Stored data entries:
[Start of section]

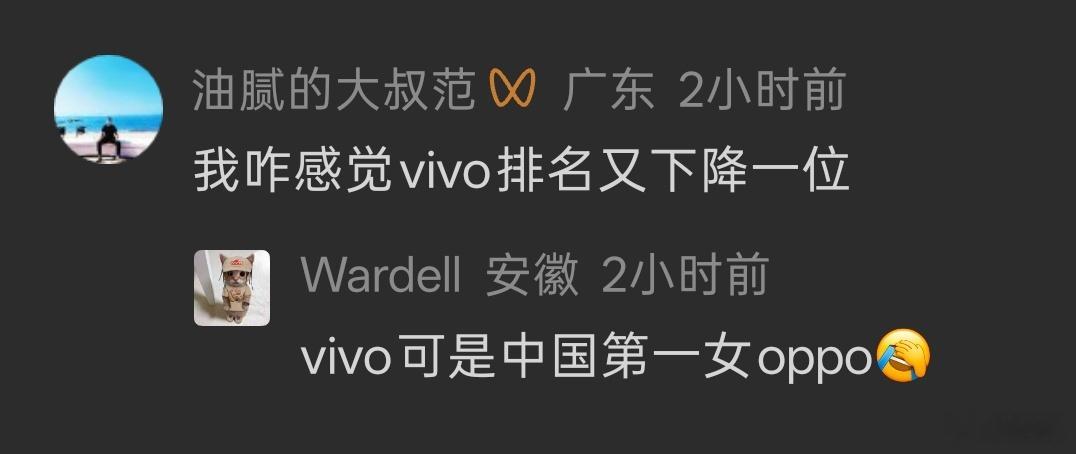 这评论笑到我了，“vivo可是中国第一女OPPO”不听说唱的可能不知道这个梗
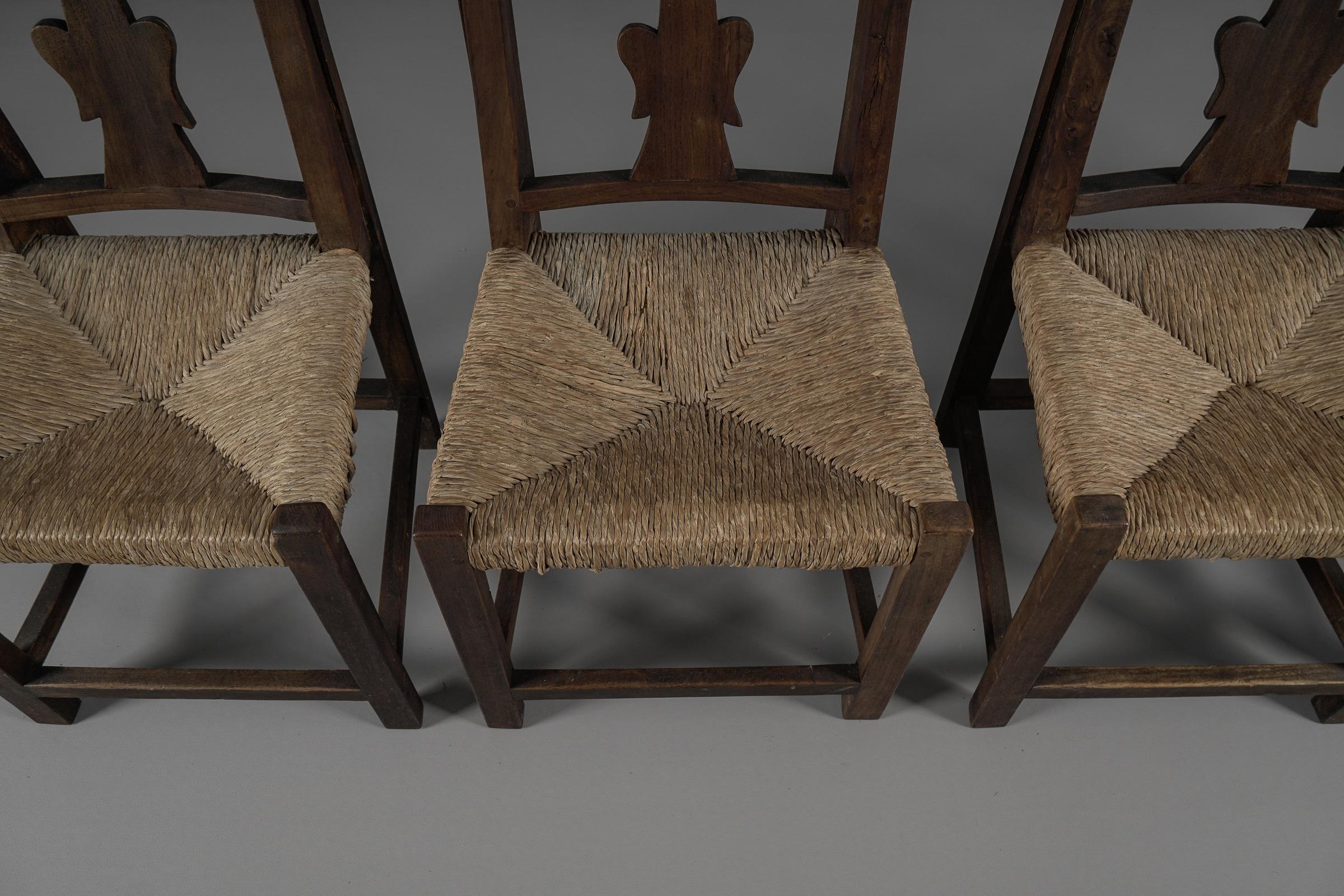 Set of 4 French Provincial Wood & Seagrass Chairs, 1960s Mid-Century Modern For Sale 10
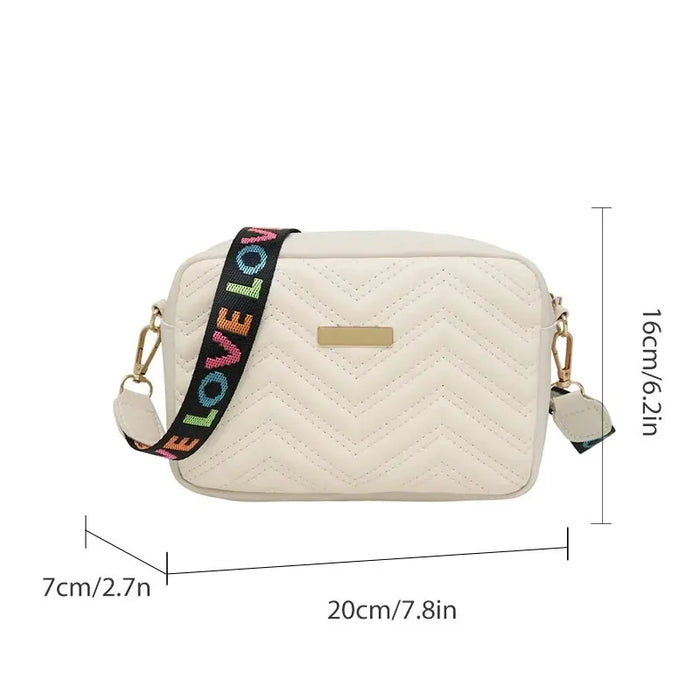 Embroidered Camera Bag with Printed Strap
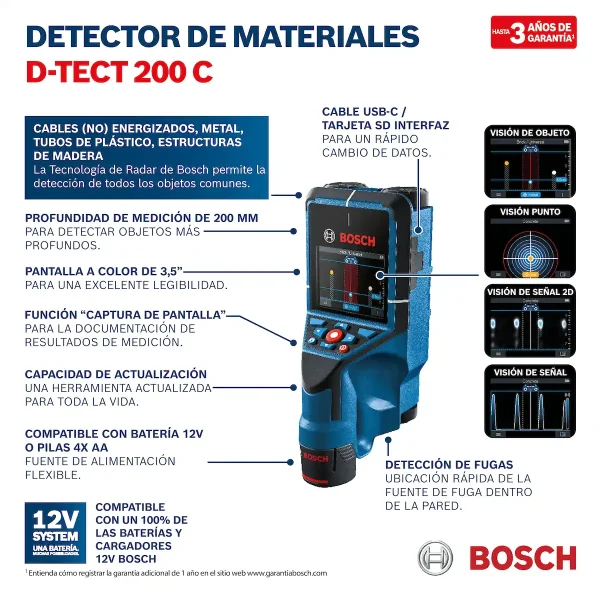 Escáner Detector de Materiales BOSCH D-Tect 200 C - Imagen 12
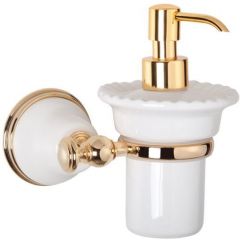 Подвесной дозатор TW collection Harmony керамический для жидкого мыла, белый, золото, TWHA108bi/oro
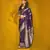 Dark purple two tone handloom weaving silk blend saree with contrast pallu 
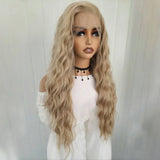 Qfdian Ash Blonde Wig Deep Wave Synthetic Lace Front Wig Long Curly Natural Wavy Colored Hair 13X4 Lace Frontal Wigs for Women Party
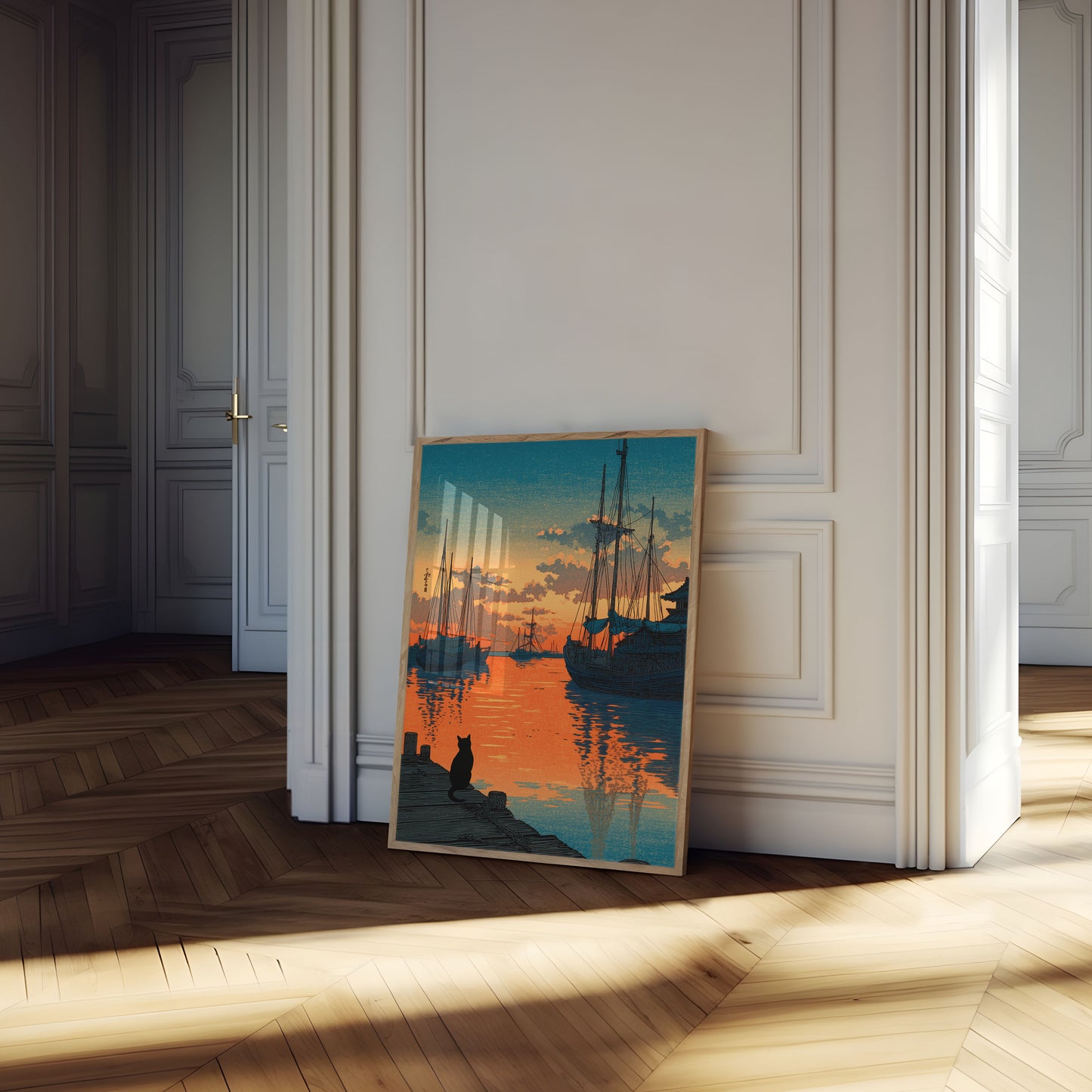 Kat ser sejlbåde ved solnedgang plakat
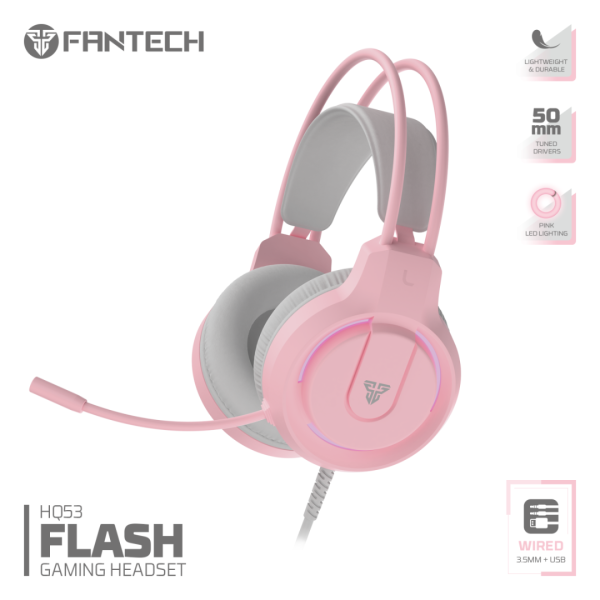 Fantech FLASH HQ53 Lightweight Gaming Headset, Pink - Image 2
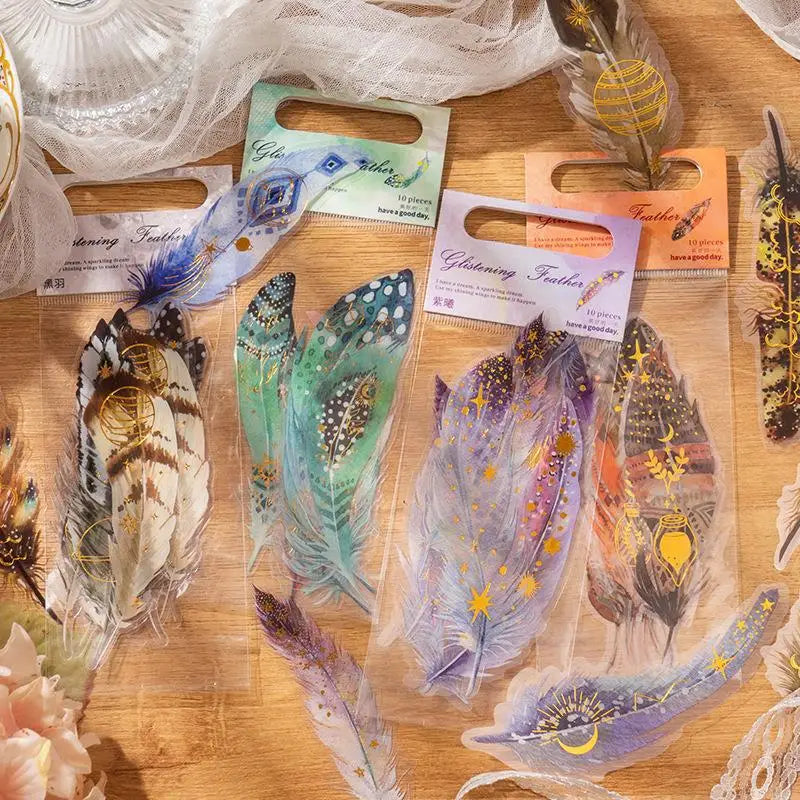 10pcs/pack Pet Stickers Flash Feather Series Special-Shaped Large Size Bronzing Gliding Journal Decoration Stickers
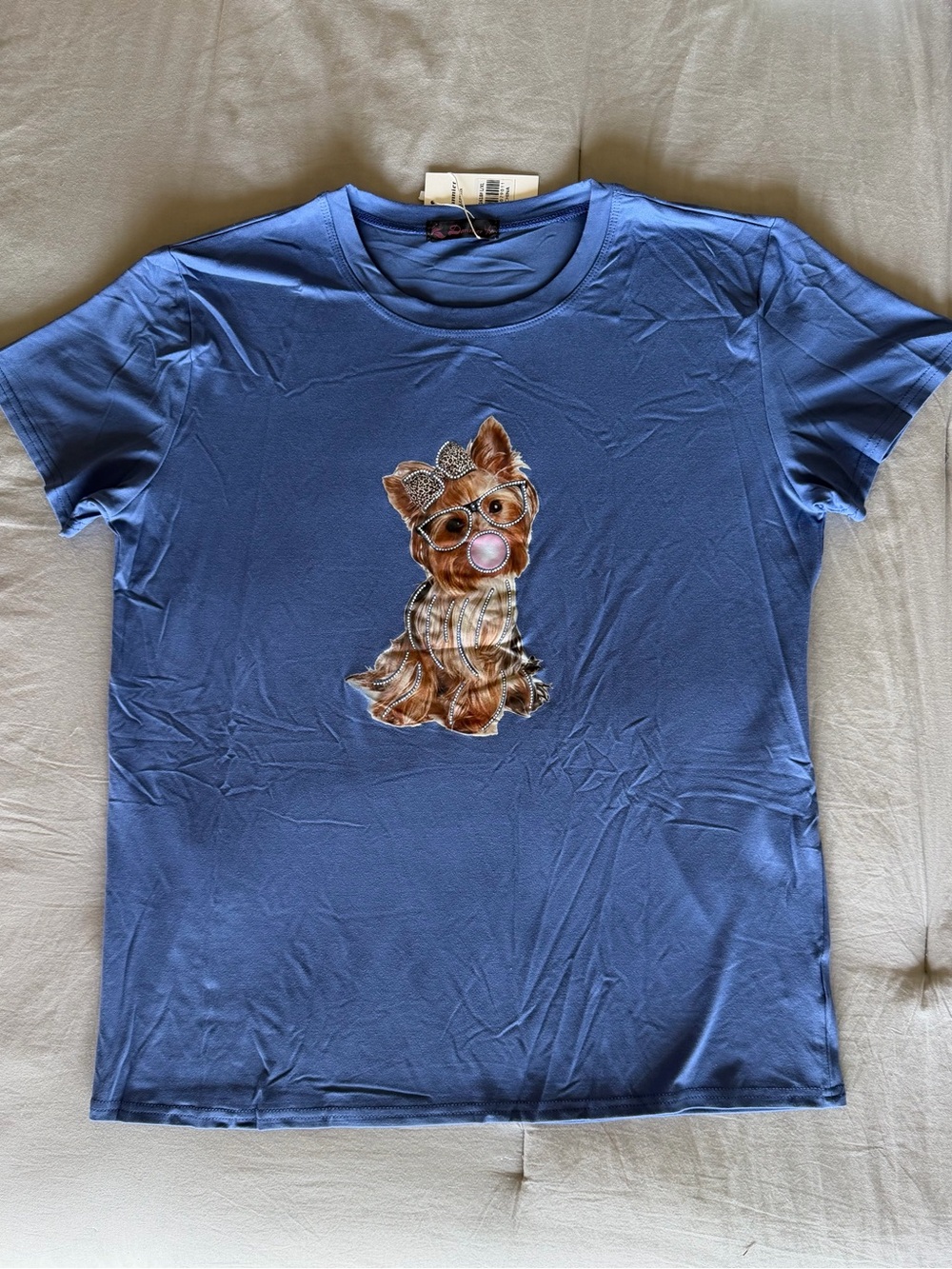 Women’s Blue Yorkie Rhinestone Graphic Tee L-XL NWT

[End of section]

▶ YOUR TASK: Reproduce only the lines of the records from the start up to and including the line that holds "Escáner Detector de"; do not carry over any picture.

▶ EXERCISE OUTPUT:
 这评论笑到我了，“vivo可是中国第一女OPPO”不听说唱的可能不知道这个梗
 Set of 4 French Provincial Wood & Seagrass Chairs, 1960s Mid-Century Modern For Sale 10
 Embroidered Camera Bag with Printed Strap
 Escáner Detector de Materiales BOSCH D-Tect 200 C - Imagen 12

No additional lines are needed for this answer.